_Task description:_
Look for the line containing "Stylo gel Bic" and the line containing "Kia Picanto nuova a Napoli (7)" in the entries below. Copy those two and all lines between them exactly, leaving out pictures.

━━ Supplied entries ━━

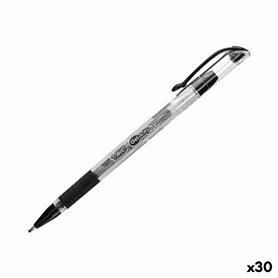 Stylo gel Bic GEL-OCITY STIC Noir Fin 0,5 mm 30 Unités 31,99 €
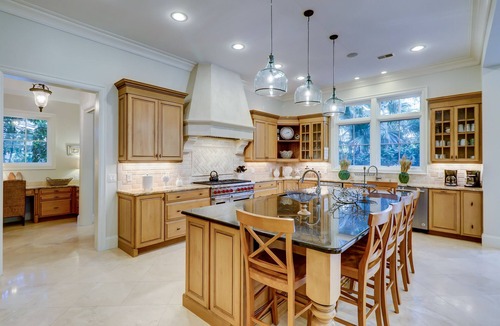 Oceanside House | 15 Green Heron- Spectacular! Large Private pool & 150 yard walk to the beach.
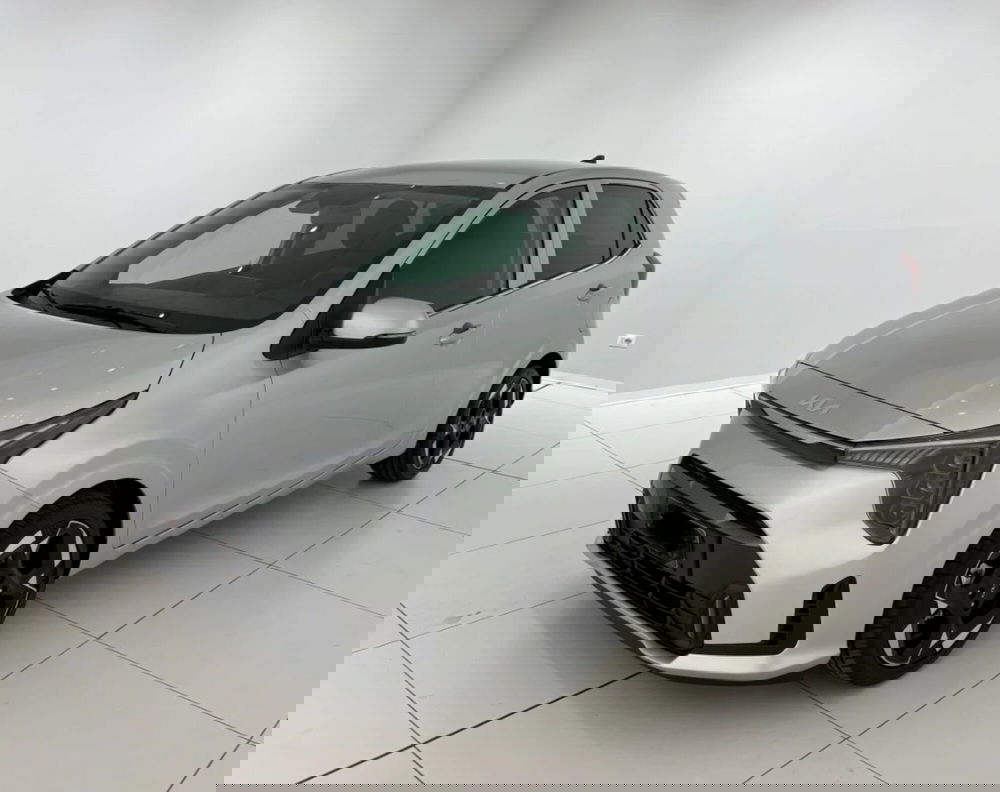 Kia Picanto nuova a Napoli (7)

━━━
━━ Supplied entries ━━

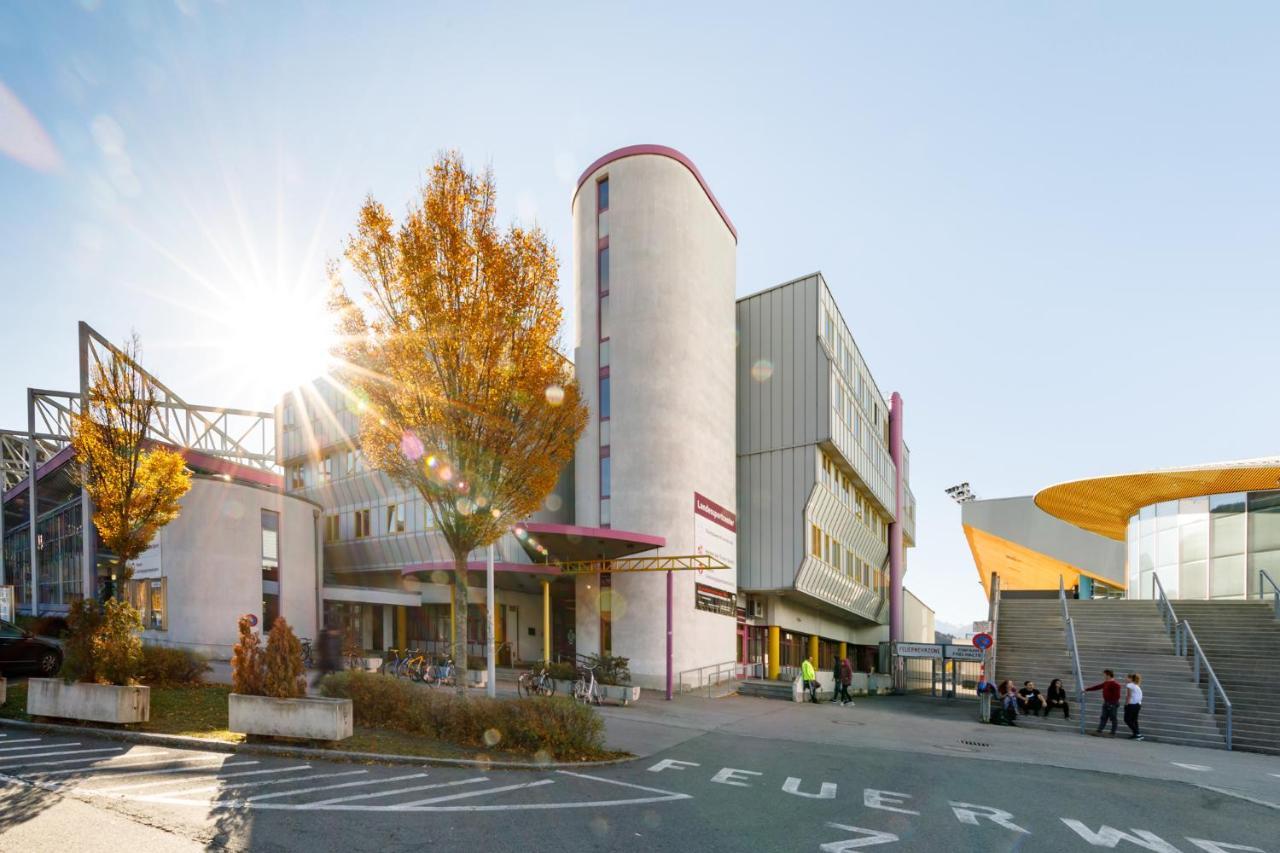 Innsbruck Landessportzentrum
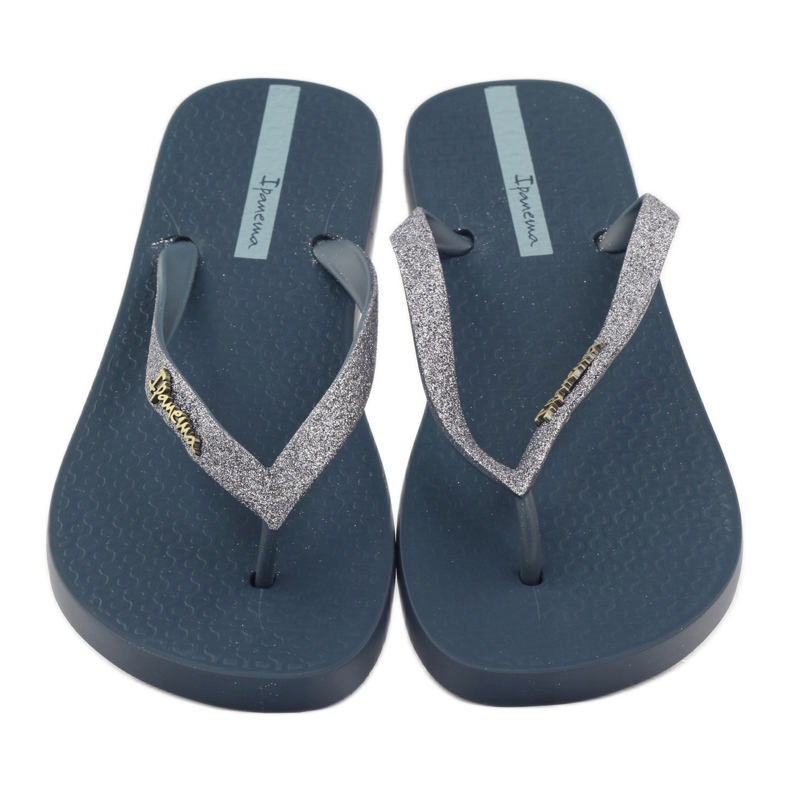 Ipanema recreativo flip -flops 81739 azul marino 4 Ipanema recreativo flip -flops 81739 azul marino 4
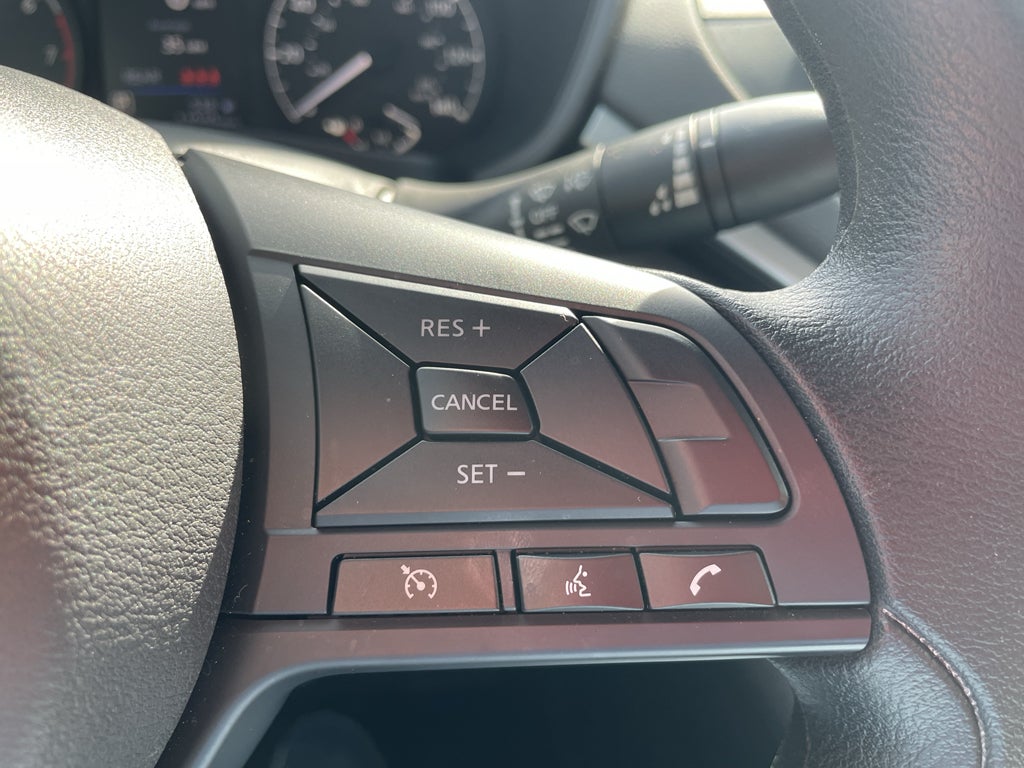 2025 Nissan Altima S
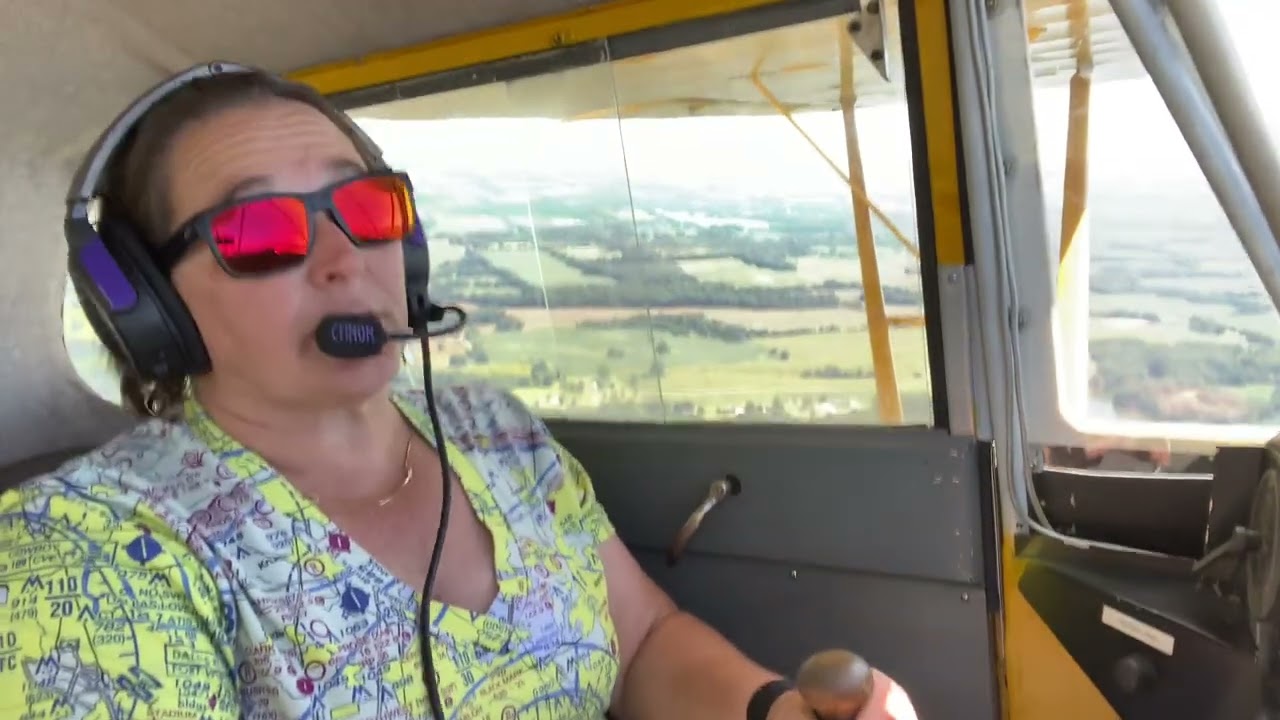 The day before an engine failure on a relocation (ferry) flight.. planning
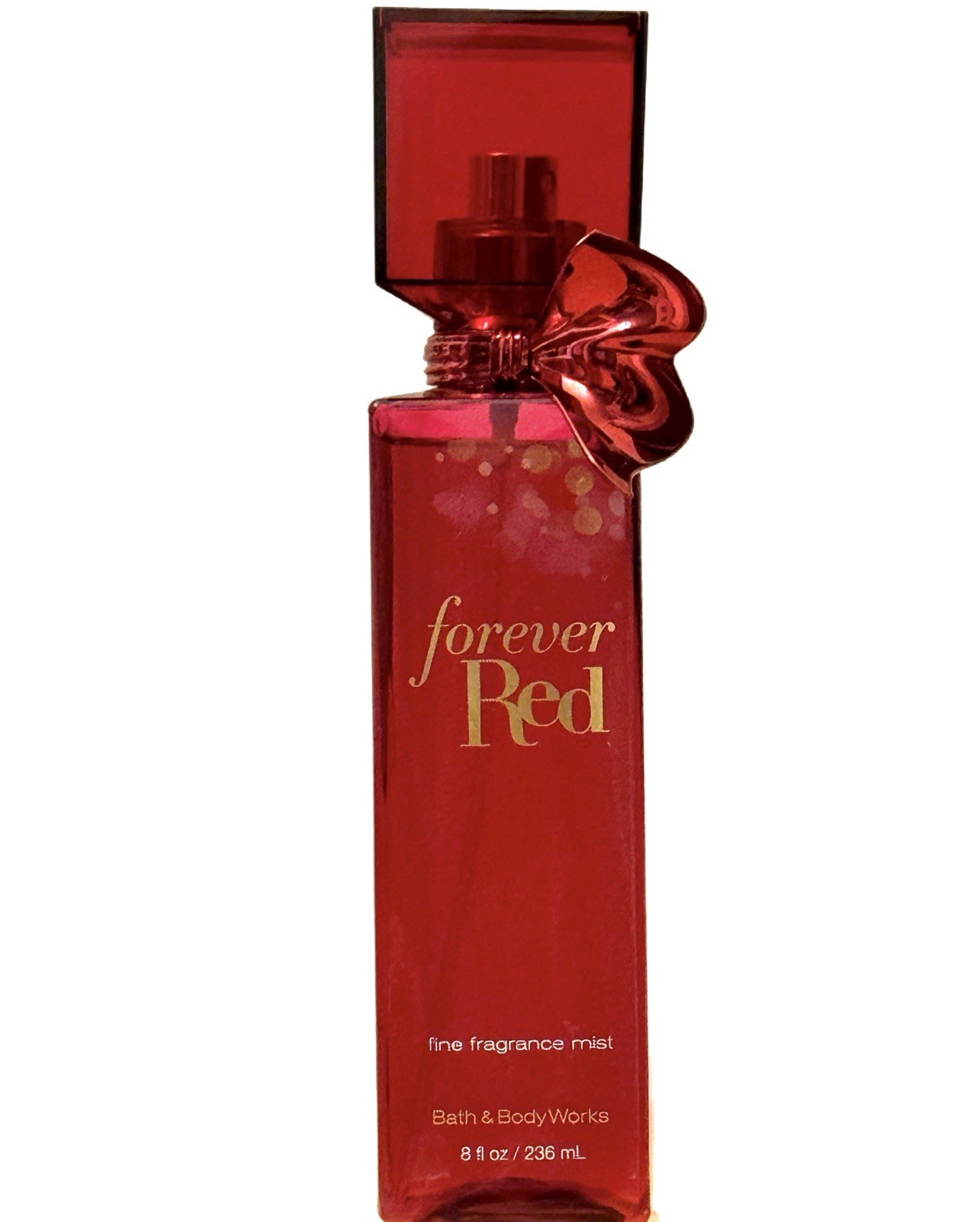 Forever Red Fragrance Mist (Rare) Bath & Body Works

━━━

_Result:_
 Stylo gel Bic GEL-OCITY STIC Noir Fin 0,5 mm 30 Unités 31,99 €
 Oceanside House | 15 Green Heron- Spectacular! Large Private pool & 150 yard walk to the beach.
 Kia Picanto nuova a Napoli (7)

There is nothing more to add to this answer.